Colleen Gyori creates glass sculptures by using extensive visualization and planning, including experimenting with colors, materials and shapes, before beginning to piece together her work. To see more of her stunning art, please visit her website.

 

Passion

“Passion” Streams of undulating shades of purple, with tinges of turquoise, flow downward to pool below in the mirrored reflection. Glass, Height 12.5”

 

“These hands were made for making.” From early life to late in life, my need to create endures. From fabrics and fibers to sketch books and sketches, my way was paved toward the excitement of manipulating glass.

 

Ablaze

“Ablaze” Vibrant stripes of color extend upward. The curve of the wall contains the grace of the shallow bowl of embers. Glass.

 

My work is varied in technique, but primarily begins with thought regarding the human spirit, emotions felt, and how these emotions relate to nature. The journey of creating each piece begins with extensive “imagining” until I begin experimenting – first with colors, then with pliable materials to form models. Throughout the planning stage I indulge in much visualization.

 

Arizona River

“Arizona River” Inspired by the usual dry washes that run through the vast Arizona deserts, this piece depicts not only the dryness, but also the swirling water deep beneath and the colors of the abundant life that surround these parched, gravely surfaces. Glass, Height 18.25”

 

Finally, the glass fun begins.

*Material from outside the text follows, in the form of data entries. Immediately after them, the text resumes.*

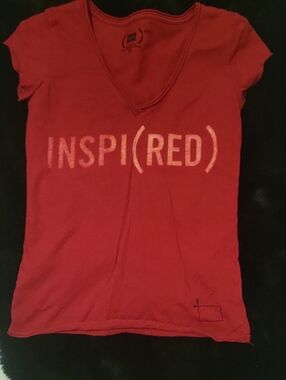 GAP Red 'INSPI(RED)' Short Sleeve V-Neck Tee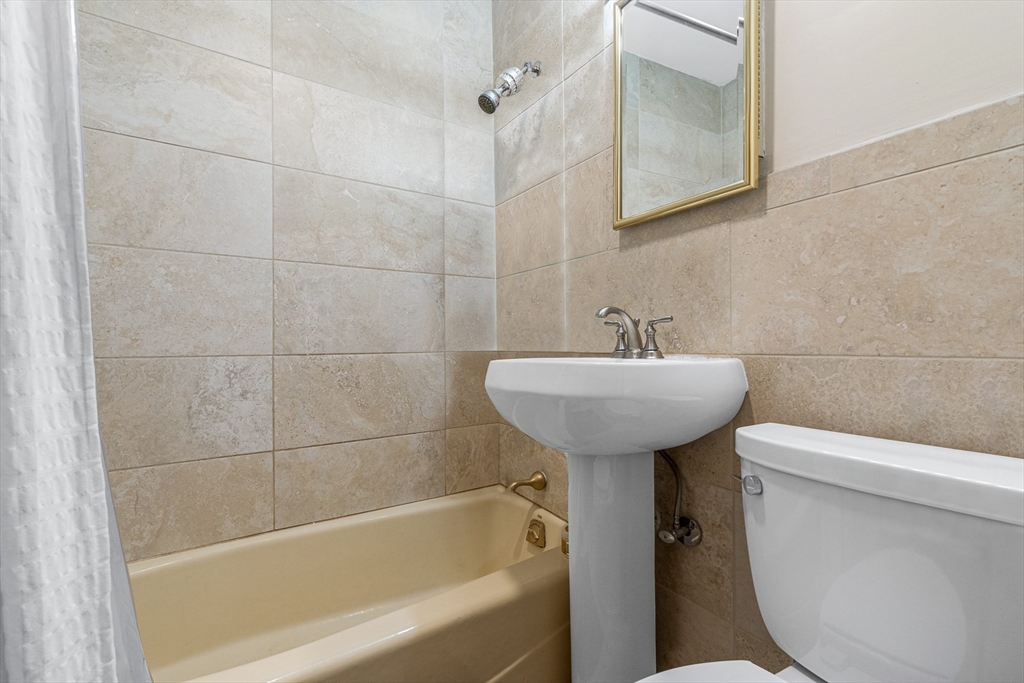 422 Hanover Street, Unit 3 Boston, MA 02113 - Photo 16 of 20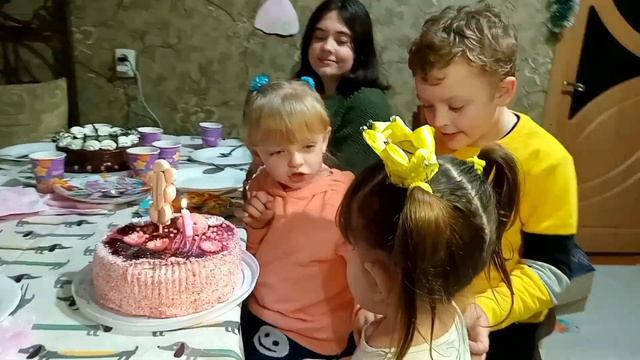 Отмена онлайн уроков.К Сашеньке на день рождение и первый раз в школу. смотреть онлайн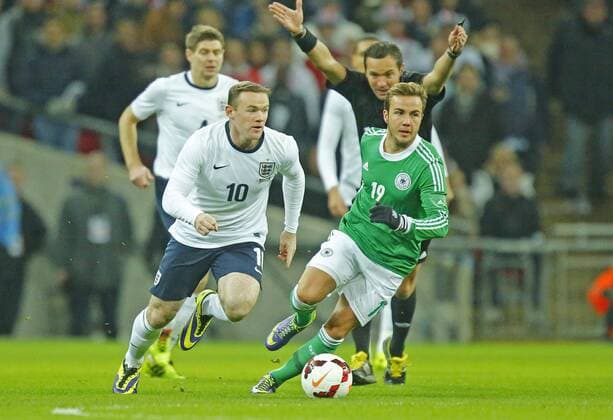 Wayne ROONEY, England 10 Zweikampf , Aktion um den Ball gegen Mario GOETZE, DFB 19 ENGLAND - DEUTSCHLAND Deutsche Fussball Nationalmannschaft DFB, am 19.11.2013 in London, GBR Freundschaftsspiel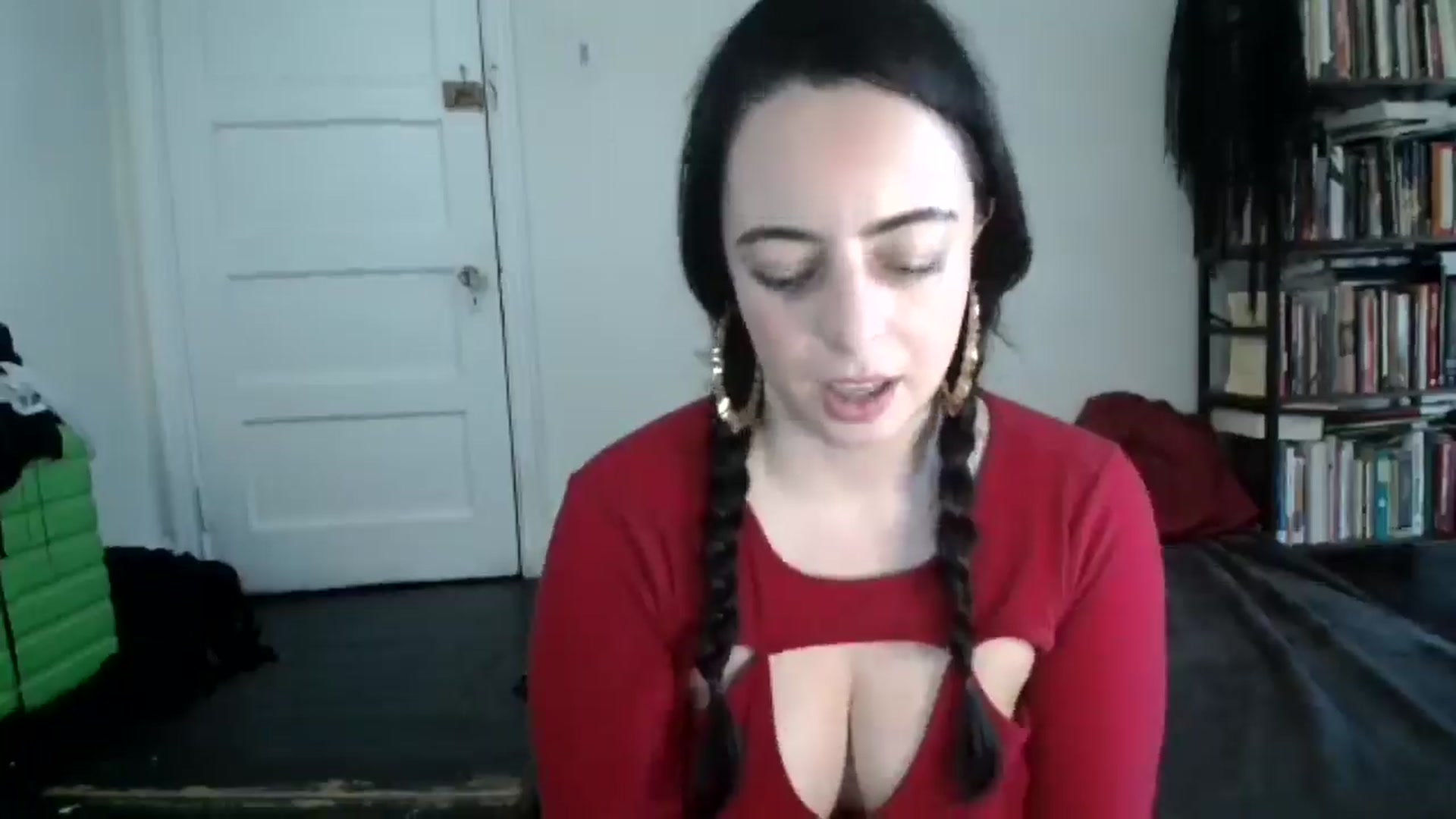 Gallery image thumbnail from LuisaThorneX's myfreecams stream on, 07/09/2025, 12:56 image 20 of 20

Most of my pieces include various elements that are created, fused, and cut prior to assembling the full piece, or pieces, that are to make up the sculpture. Once a piece is assembled, the elements are placed face down into the kiln and dammed to contain the shape and size desired. This firing is a gradual schedule up to 1485 degrees before a slow and measured cooling schedule to assure proper annealing of the glass.

 

Evening Quiet

“Evening Quiet” Transparent, layered tiles, inspired by the beauty of a quiet evening on the water. Glass. Height including iron stand, 10”

 

Next, sandblasting to remove any residue is an important step before beginning extensive polishing with diamond disks. The piece or pieces are finally ready for a final trip to the kiln for shaping/bending into the shape desired. This step is also designed to assure a soft, matte polish.

 

Sedona

“Sedona” Ribbons of color evoke streaks of clay. Tinges of green, as in the glimpses of life surviving in the crevasses of a dry, clay cliff all reflect in the mirrored base. Glass, Height 16”

 

Texture, polish and layering through a variety of kiln-forming techniques contribute to the final results that I enjoy creating. In many of my pieces, I also incorporate engraving/sketching with diamond wheels and burrs to reveal colors beneath the surfaces.

 

Evening Embers

“Evening Embers” A curved wall of glass with swirls of colors reminiscent of a smoldering fire calmed by the shallow vessel. Glass.

 

Much of my current work involves glass “walls,” “towers,” or “sketches” which are intended to evoke emotion or remembrance of places of natural beauty. The pieces have weight and solidity, but retain the fragility and reflective qualities of the glass.

 

Glass Artist Colleen Gyori

Glass Artist Colleen Gyori

 

Although my descriptions provide my intent, I am hopeful that each will inspire interpretation or questions for the individual viewer.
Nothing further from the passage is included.